PROBLEM REQUIREMENTS | Reproduce each record exactly, leaving out no line.

Saved entries |
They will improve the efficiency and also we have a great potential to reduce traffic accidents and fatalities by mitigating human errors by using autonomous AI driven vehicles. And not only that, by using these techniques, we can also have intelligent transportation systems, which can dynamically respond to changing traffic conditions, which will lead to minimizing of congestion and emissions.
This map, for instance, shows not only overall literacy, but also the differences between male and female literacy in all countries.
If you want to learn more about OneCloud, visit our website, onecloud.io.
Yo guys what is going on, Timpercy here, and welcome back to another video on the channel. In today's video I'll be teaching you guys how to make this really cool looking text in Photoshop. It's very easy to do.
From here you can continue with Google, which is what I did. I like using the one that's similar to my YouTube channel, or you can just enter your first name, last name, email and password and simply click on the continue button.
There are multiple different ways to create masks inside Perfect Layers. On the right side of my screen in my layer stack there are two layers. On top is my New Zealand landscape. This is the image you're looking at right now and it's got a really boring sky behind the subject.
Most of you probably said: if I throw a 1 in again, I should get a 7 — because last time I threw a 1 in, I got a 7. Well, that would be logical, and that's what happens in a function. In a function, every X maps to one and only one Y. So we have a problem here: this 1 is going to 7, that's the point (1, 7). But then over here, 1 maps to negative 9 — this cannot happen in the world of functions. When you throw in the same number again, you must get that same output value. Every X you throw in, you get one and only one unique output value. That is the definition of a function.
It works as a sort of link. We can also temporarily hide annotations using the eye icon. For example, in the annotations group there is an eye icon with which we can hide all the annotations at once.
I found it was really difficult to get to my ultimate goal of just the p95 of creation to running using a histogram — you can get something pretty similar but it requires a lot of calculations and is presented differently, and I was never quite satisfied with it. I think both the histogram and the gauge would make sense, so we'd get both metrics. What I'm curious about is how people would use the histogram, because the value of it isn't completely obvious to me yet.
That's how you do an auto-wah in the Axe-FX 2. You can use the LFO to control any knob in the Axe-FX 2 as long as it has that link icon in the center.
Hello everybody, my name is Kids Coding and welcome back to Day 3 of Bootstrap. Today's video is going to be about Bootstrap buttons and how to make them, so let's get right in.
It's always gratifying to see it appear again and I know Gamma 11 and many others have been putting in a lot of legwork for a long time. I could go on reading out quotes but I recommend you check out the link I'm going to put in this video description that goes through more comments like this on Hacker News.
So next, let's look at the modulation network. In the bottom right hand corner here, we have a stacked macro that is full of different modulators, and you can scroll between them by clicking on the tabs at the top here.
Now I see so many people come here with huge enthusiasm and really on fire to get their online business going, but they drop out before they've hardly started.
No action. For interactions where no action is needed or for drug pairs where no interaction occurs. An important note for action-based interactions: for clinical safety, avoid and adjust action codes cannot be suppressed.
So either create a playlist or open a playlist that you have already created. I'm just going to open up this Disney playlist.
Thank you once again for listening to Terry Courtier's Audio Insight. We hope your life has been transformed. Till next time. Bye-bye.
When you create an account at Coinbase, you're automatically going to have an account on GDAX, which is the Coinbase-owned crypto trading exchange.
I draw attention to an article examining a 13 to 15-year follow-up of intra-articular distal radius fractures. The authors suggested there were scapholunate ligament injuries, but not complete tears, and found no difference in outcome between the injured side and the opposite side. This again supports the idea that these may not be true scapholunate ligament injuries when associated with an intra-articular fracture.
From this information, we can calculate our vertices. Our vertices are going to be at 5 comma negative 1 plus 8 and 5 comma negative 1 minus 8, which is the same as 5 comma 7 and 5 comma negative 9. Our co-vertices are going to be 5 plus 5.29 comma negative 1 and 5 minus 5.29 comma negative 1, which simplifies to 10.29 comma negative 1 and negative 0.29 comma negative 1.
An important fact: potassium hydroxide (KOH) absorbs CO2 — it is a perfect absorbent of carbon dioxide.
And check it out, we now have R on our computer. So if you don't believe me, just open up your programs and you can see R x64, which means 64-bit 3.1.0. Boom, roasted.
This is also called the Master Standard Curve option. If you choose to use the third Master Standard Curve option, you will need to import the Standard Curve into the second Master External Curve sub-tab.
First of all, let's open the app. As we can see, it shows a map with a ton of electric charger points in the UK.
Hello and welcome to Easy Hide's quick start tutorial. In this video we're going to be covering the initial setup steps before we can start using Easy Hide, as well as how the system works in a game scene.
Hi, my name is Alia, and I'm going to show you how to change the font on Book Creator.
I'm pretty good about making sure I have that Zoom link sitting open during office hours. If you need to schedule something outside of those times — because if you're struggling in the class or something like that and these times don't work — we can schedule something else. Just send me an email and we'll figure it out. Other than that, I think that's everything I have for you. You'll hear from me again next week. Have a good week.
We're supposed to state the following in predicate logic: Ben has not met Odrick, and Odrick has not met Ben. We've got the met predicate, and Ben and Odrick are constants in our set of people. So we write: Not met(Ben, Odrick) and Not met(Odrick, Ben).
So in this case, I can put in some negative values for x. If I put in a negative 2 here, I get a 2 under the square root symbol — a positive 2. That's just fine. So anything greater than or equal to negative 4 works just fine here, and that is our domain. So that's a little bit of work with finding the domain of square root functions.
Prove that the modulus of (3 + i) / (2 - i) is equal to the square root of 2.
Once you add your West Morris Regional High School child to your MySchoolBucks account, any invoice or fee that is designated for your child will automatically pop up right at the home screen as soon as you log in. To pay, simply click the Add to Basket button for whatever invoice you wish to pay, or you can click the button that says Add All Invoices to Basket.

TASK RESULT |
They will improve the efficiency and also we have a great potential to reduce traffic accidents and fatalities by mitigating human errors by using autonomous AI driven vehicles. And not only that, by using these techniques, we can also have intelligent transportation systems, which can dynamically respond to changing traffic conditions, which will lead to minimizing of congestion and emissions.
This map, for instance, shows not only overall literacy, but also the differences between male and female literacy in all countries.
If you want to learn more about OneCloud, visit our website, onecloud.io.
Yo guys what is going on, Timpercy here, and welcome back to another video on the channel. In today's video I'll be teaching you guys how to make this really cool looking text in Photoshop. It's very easy to do.
From here you can continue with Google, which is what I did. I like using the one that's similar to my YouTube channel, or you can just enter your first name, last name, email and password and simply click on the continue button.
There are multiple different ways to create masks inside Perfect Layers. On the right side of my screen in my layer stack there are two layers. On top is my New Zealand landscape. This is the image you're looking at right now and it's got a really boring sky behind the subject.
Most of you probably said: if I throw a 1 in again, I should get a 7 — because last time I threw a 1 in, I got a 7. Well, that would be logical, and that's what happens in a function. In a function, every X maps to one and only one Y. So we have a problem here: this 1 is going to 7, that's the point (1, 7). But then over here, 1 maps to negative 9 — this cannot happen in the world of functions. When you throw in the same number again, you must get that same output value. Every X you throw in, you get one and only one unique output value. That is the definition of a function.
It works as a sort of link. We can also temporarily hide annotations using the eye icon. For example, in the annotations group there is an eye icon with which we can hide all the annotations at once.
I found it was really difficult to get to my ultimate goal of just the p95 of creation to running using a histogram — you can get something pretty similar but it requires a lot of calculations and is presented differently, and I was never quite satisfied with it. I think both the histogram and the gauge would make sense, so we'd get both metrics. What I'm curious about is how people would use the histogram, because the value of it isn't completely obvious to me yet.
That's how you do an auto-wah in the Axe-FX 2. You can use the LFO to control any knob in the Axe-FX 2 as long as it has that link icon in the center.
Hello everybody, my name is Kids Coding and welcome back to Day 3 of Bootstrap. Today's video is going to be about Bootstrap buttons and how to make them, so let's get right in.
It's always gratifying to see it appear again and I know Gamma 11 and many others have been putting in a lot of legwork for a long time. I could go on reading out quotes but I recommend you check out the link I'm going to put in this video description that goes through more comments like this on Hacker News.
So next, let's look at the modulation network. In the bottom right hand corner here, we have a stacked macro that is full of different modulators, and you can scroll between them by clicking on the tabs at the top here.
Now I see so many people come here with huge enthusiasm and really on fire to get their online business going, but they drop out before they've hardly started.
No action. For interactions where no action is needed or for drug pairs where no interaction occurs. An important note for action-based interactions: for clinical safety, avoid and adjust action codes cannot be suppressed.
So either create a playlist or open a playlist that you have already created. I'm just going to open up this Disney playlist.
Thank you once again for listening to Terry Courtier's Audio Insight. We hope your life has been transformed. Till next time. Bye-bye.
When you create an account at Coinbase, you're automatically going to have an account on GDAX, which is the Coinbase-owned crypto trading exchange.
I draw attention to an article examining a 13 to 15-year follow-up of intra-articular distal radius fractures. The authors suggested there were scapholunate ligament injuries, but not complete tears, and found no difference in outcome between the injured side and the opposite side. This again supports the idea that these may not be true scapholunate ligament injuries when associated with an intra-articular fracture.
From this information, we can calculate our vertices. Our vertices are going to be at 5 comma negative 1 plus 8 and 5 comma negative 1 minus 8, which is the same as 5 comma 7 and 5 comma negative 9. Our co-vertices are going to be 5 plus 5.29 comma negative 1 and 5 minus 5.29 comma negative 1, which simplifies to 10.29 comma negative 1 and negative 0.29 comma negative 1.
An important fact: potassium hydroxide (KOH) absorbs CO2 — it is a perfect absorbent of carbon dioxide.
And check it out, we now have R on our computer. So if you don't believe me, just open up your programs and you can see R x64, which means 64-bit 3.1.0. Boom, roasted.
This is also called the Master Standard Curve option. If you choose to use the third Master Standard Curve option, you will need to import the Standard Curve into the second Master External Curve sub-tab.
First of all, let's open the app. As we can see, it shows a map with a ton of electric charger points in the UK.
Hello and welcome to Easy Hide's quick start tutorial. In this video we're going to be covering the initial setup steps before we can start using Easy Hide, as well as how the system works in a game scene.
Hi, my name is Alia, and I'm going to show you how to change the font on Book Creator.
I'm pretty good about making sure I have that Zoom link sitting open during office hours. If you need to schedule something outside of those times — because if you're struggling in the class or something like that and these times don't work — we can schedule something else. Just send me an email and we'll figure it out. Other than that, I think that's everything I have for you. You'll hear from me again next week. Have a good week.
We're supposed to state the following in predicate logic: Ben has not met Odrick, and Odrick has not met Ben. We've got the met predicate, and Ben and Odrick are constants in our set of people. So we write: Not met(Ben, Odrick) and Not met(Odrick, Ben).
So in this case, I can put in some negative values for x. If I put in a negative 2 here, I get a 2 under the square root symbol — a positive 2. That's just fine. So anything greater than or equal to negative 4 works just fine here, and that is our domain. So that's a little bit of work with finding the domain of square root functions.
Prove that the modulus of (3 + i) / (2 - i) is equal to the square root of 2.
Once you add your West Morris Regional High School child to your MySchoolBucks account, any invoice or fee that is designated for your child will automatically pop up right at the home screen as soon as you log in. To pay, simply click the Add to Basket button for whatever invoice you wish to pay, or you can click the button that says Add All Invoices to Basket.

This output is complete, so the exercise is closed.